:: Entries provided

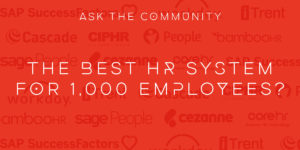 the best hr system for 1000 employees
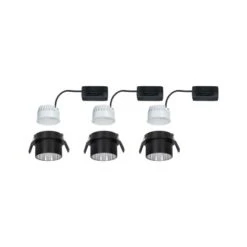 Paulmann LED Einbauleuchten-Set Gil Coin 3StepDim Rd Starr 3x6W Schwarz Matt/Eisen Alu -Globo Deutschland Verkaufsgeschäft 528196 2425 13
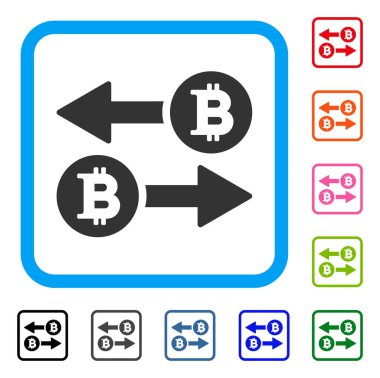 Bitcoin işlem okları simge çerçeveli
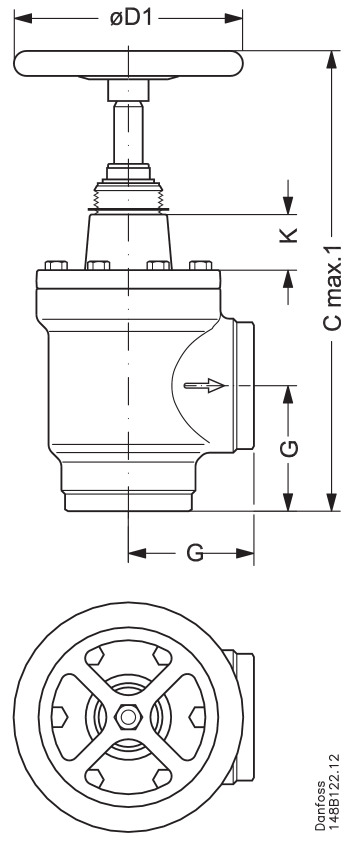 Shut-off valve SVA-S 200 Steel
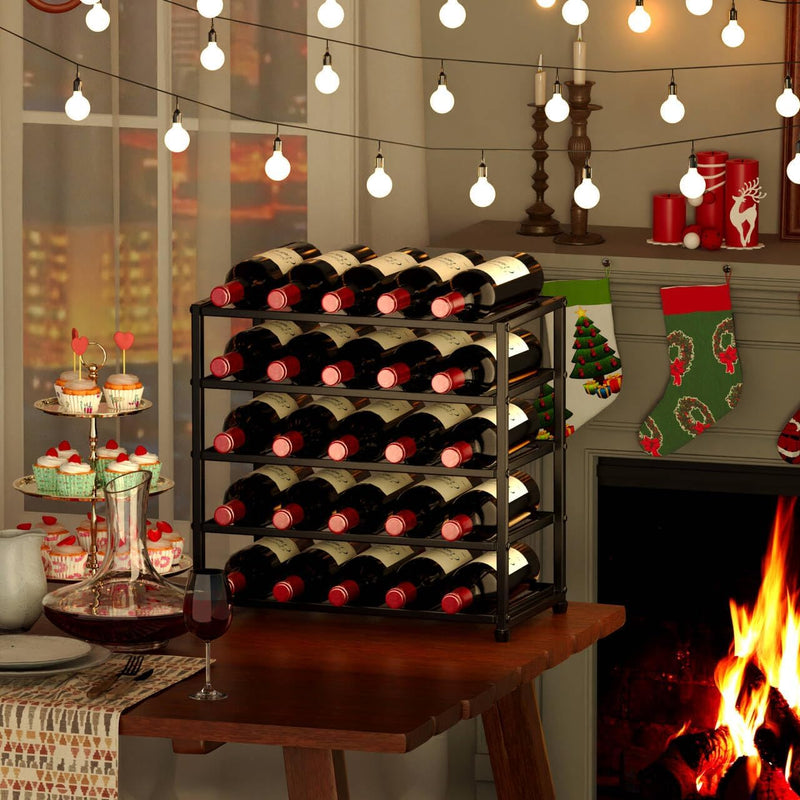 16 Inch Wine Rack with Light LED Liquor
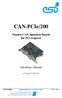 CAN-PCIe/200. Passive CAN-Interface Board for PCI Express. Hardware Manual. to Product C.2042.xx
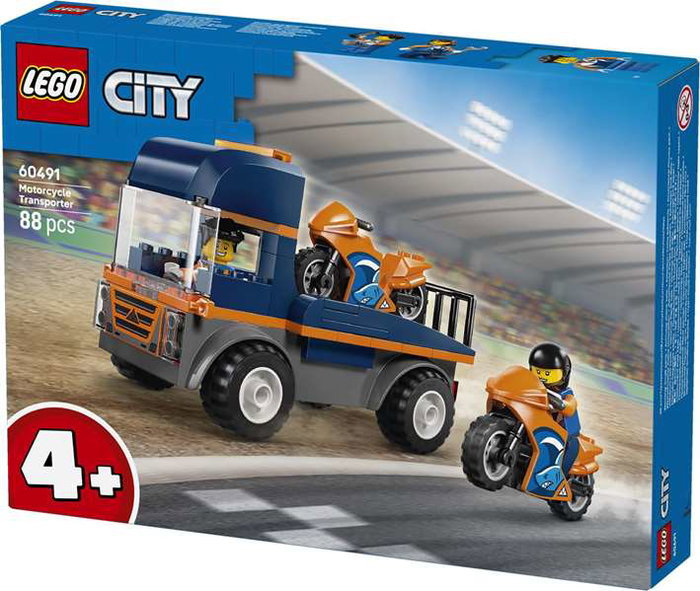 LEGO City Camión Transporte de Motos - Juego de Construcción para Niños +6 Años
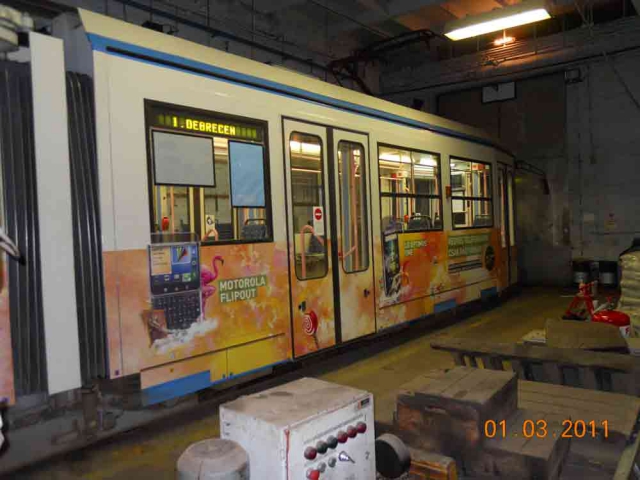 Villamos és autóbus dekoráció készítés debrecen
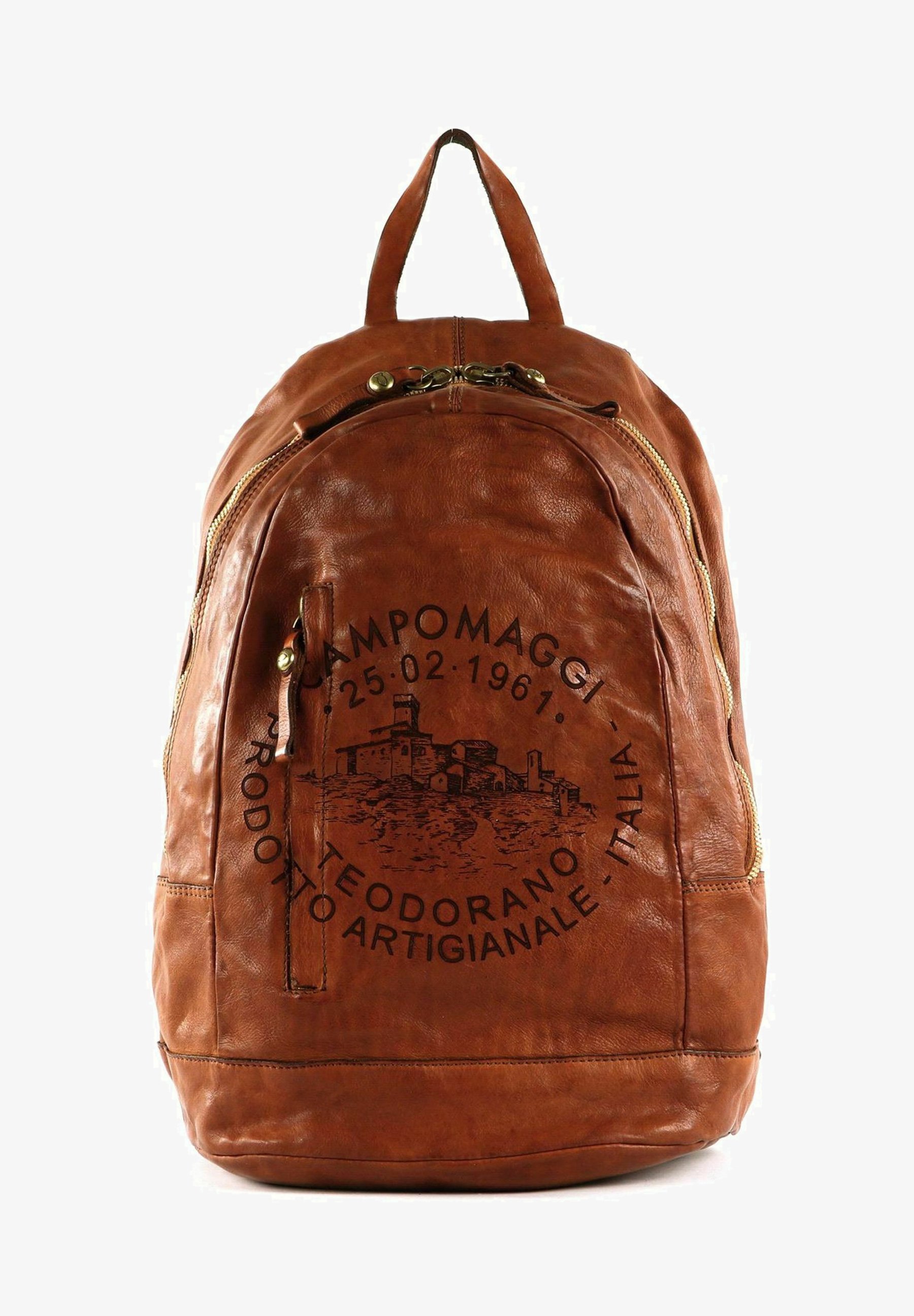 Campomaggi cefalù cognac crossbody sac Campomaggi cefalù cognac crossbody sac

::::

Task directions ▸ Once the line containing "16 Inch Wine Rack with Light LED Liquor" is found in the records above, it and every line after it up to the last must be repeated exactly, without pictures.

Answer space ▸
 16 Inch Wine Rack with Light LED Liquor
 CAN-PCIe/200. Passive CAN-Interface Board for PCI Express. Hardware Manual. to Product C.2042.xx
 LEGO City Camión Transporte de Motos - Juego de Construcción para Niños +6 Años
 Villamos és autóbus dekoráció készítés debrecen
 Campomaggi cefalù cognac crossbody sac Campomaggi cefalù cognac crossbody sac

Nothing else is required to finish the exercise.